SPÉCIAL ÉTATS-UNIS
Pourquoi des dizaines de millions d’électeurs s’apprêtent-ils à voter pour le populiste et misogyne Donald Trump? Notre correspondant Philippe Boulet-Gercourt a sillonné le pays, d’ouest en est, pour percer ce mystère. Il ne s’agit pas d’une mauvaise fièvre. La démocratie américaine est malade. En cas de victoire, Hillary Clinton devra trouver le remède.
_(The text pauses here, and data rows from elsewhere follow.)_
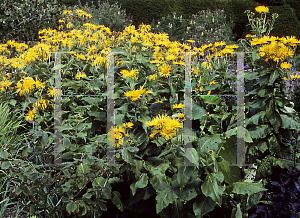 Picture of Inula magnifica 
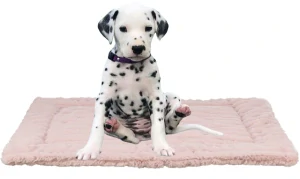 TRIXIE Podložka LONNI, manšestrový plyš, růžová 75 x 55 cm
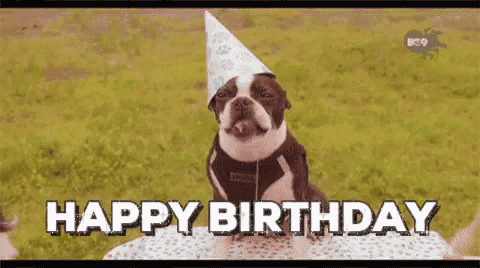 a dog wearing a birthday hat is sitting on a person 's lap and says happy birthday .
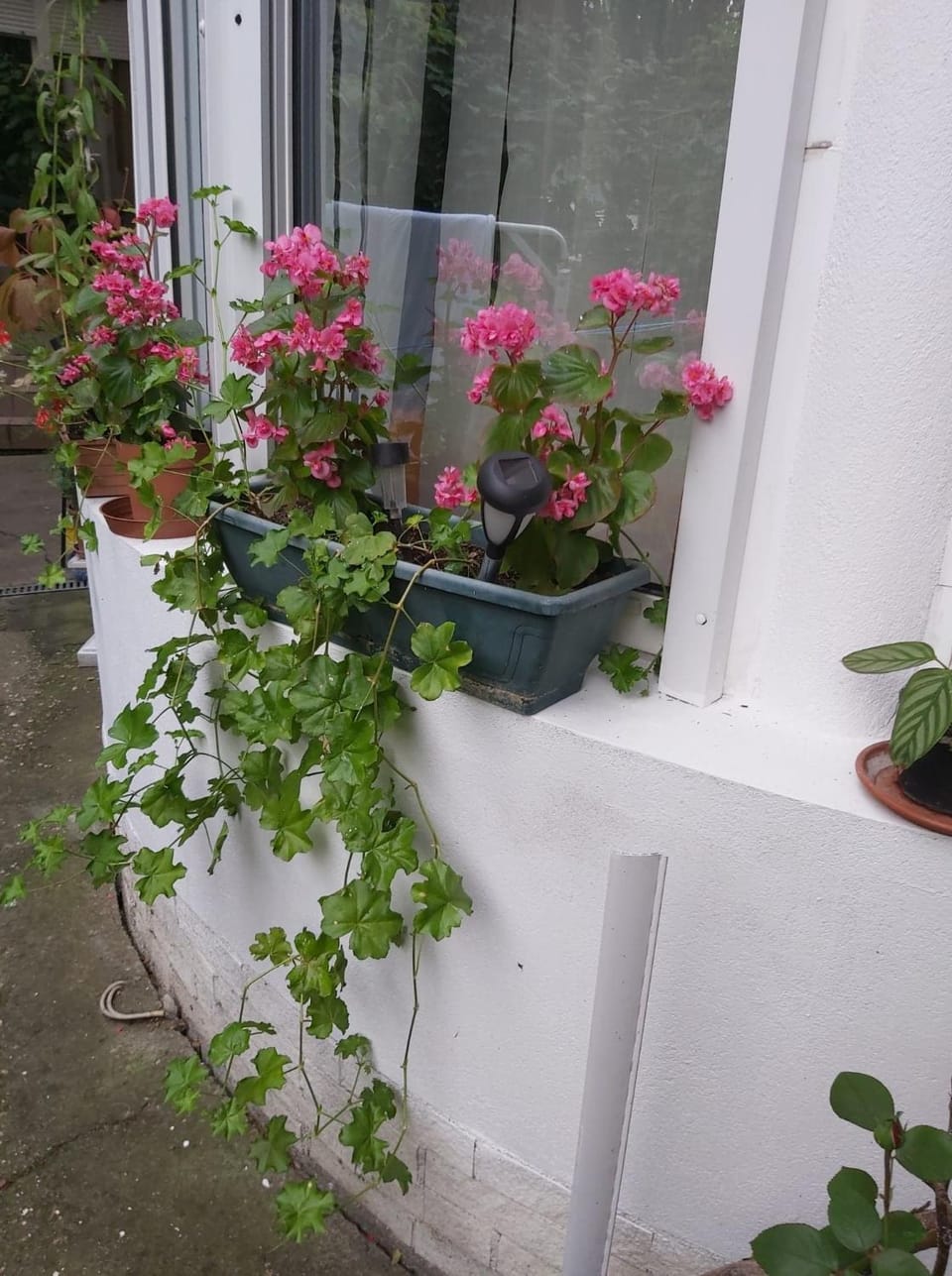 Fehér Hintó Bed and Breakfast in Hungary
Si seulement c’était une mauvaise fièvre. Un abcès purulent qui crèverait le 8 novembre au soir. L’Amérique se relèverait, s’époussetterait et repartirait de l’avant. Cela s’est vu dans le passé : la paix après la Sécession, le calme après la tempête maccarthyste; l’Amérique est un pays résilient. Et pourtant, cette fois, on a du mal à chasser de son esprit cette petite musique : quelque chose a changé, quelque chose de profond et de durable. La première démocratie mondiale est malade. Pas son économie, terriblement inégalitaire mais qui reste une locomotive efficace du capitalisme mondial. Pas sa culture, qui vient de fournir un prix Nobel épatant à la littérature. Pas sa population, plus diverse et bigarrée que jamais. Non, ce sont les piliers mêmes de la démocratie qui, avec Donald Trump, se sont brutalement dérobés sous les pieds de l’Amérique. Le mythe orgueilleux de la « destinée manifeste » a été remplacé par une guerre de tranchées sans merci entre deux Amérique qui se haïssent un peu plus chaque jour.